The hippocampus is an area of the brain involved in learning and memory. It contains parallel excitatory pathways referred to as the trisynaptic pathway (which carries information as follows: entorhinal cortex → dentate gyrus → CA3 → CA1 → entorhinal cortex) and the monosynaptic pathway (entorhinal cortex → CA1 → entorhinal cortex). We developed a generally applicable tetanus toxin–based method for transgenic mice that permits inducible and reversible inhibition of synaptic transmission and applied it to the trisynaptic pathway while preserving transmission in the monosynaptic pathway. We found that synaptic output from CA3 in the trisynaptic pathway is dispensable and the short monosynaptic pathway is sufficient for incremental spatial learning. In contrast, the full trisynaptic pathway containing CA3 is required for rapid one-trial contextual learning, for pattern completion–based memory recall, and for spatial tuning of CA1 cells.

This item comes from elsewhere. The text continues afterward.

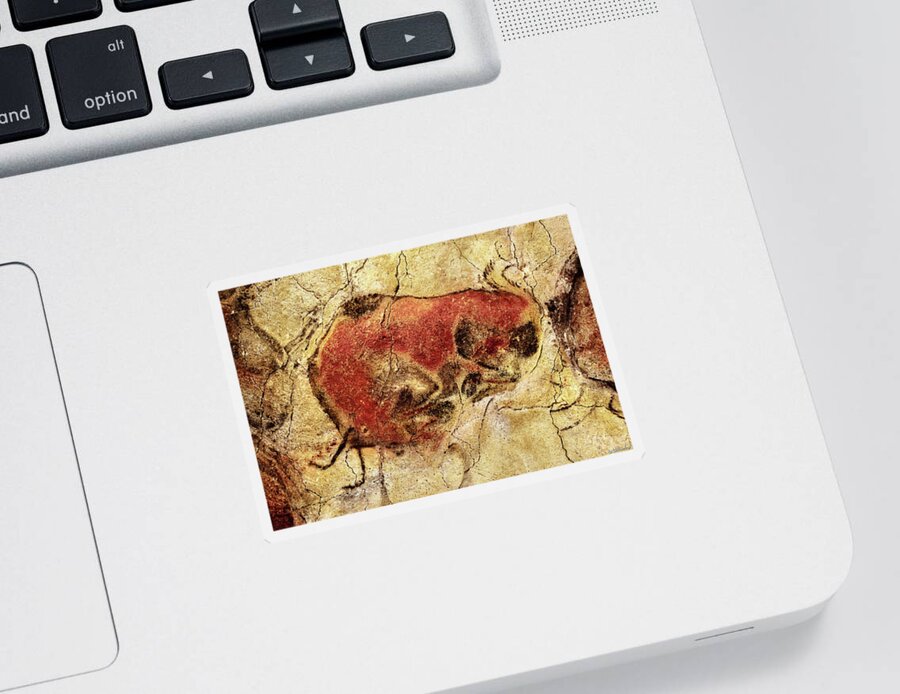 Altamira Sticker featuring the digital art Altamira Bison 2 - Landscape by Weston Westmoreland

The medial temporal lobes of the brain, including the hippocampus, are crucial for learning and memory of events and space across species (13). The hippocampus receives input from virtually all associative areas of the neocortex via the entorhinal cortex (EC). In the main excitatory hippocampal network (Fig. 1A), information flows from the superficial layer (layer II) of the EC to the dentate gyrus (DG) to CA3 to CA1 and finally to the deep layers of EC directly or indirectly through the subiculum. This loop is referred to as the trisynaptic pathway (TSP). The hippocampus also contains a parallel excitatory monosynaptic pathway (MSP) [EC (layer III) → CA1 → EC (layer V)] as well as other excitatory and inhibitory circuits.

Fig. 1.

Excitatory hippocampal-EC pathways and the DICE-K method applied to the TSP. (A) Excitatory pathways in the hippocampal formation and EC. Green and red arrows designate the TSP and MSP, respectively. Sub, subiculum; MC, mossy cells; PP, perforant pathway. (B) Tg1, a Cre transgenic line under control of the transcriptional regulator from the kainate receptor 1 (KA-1) gene. Tg2, a tTA transgenic line under control of the αCaMKII promoter and Cre-loxP recombination. Tg3-TeTX and Tg3-GFP are TeTX and GFP transgenic lines, respectively, under control of the tetracycline (Tet) operator. (C and D) Double immunofluorescence staining of coronal sections from a Tg1×Tg3-GFP control mouse (C) and chronically de-repressed CA3-GFP mouse (D) with antibodies specific for GFP (green) and for a cell nuclei marker, DAPI (blue). (E) Triple immunofluorescence staining of a hippocampal sagittal section from a chronically de-repressed CA3-GFP mouse with antibodies specific for GFP (green), DAPI (blue), and netrin-G1 (red, a marker for TA and lateral perforant axons) (34). The outer one-third of DG dendrites stain yellow because they are positive for both netrin-G1 (red) and GFP (green). (F to H) DAPI and GFP double staining of a hippocampal section from a chronically repressed CA3-GFP mouse (F), followed by 2 weeks of Dox withdrawal (G), followed by 2 weeks of Dox readministration (H). (I to L) Immunofluorescence staining with VAMP2 antibodies of a hippocampal section from control mice that have been on Dox diet (I). VAMP2 staining of a section from a CA3-TeTX littermate raised on a Dox diet (J) and after 4 weeks of Dox withdrawal (K) is shown. (L) A CA3-TeTX mouse having undergone 3 weeks of Dox withdrawal followed by 7 weeks of Dox readministration. (M) Locations of various hippocampal strata.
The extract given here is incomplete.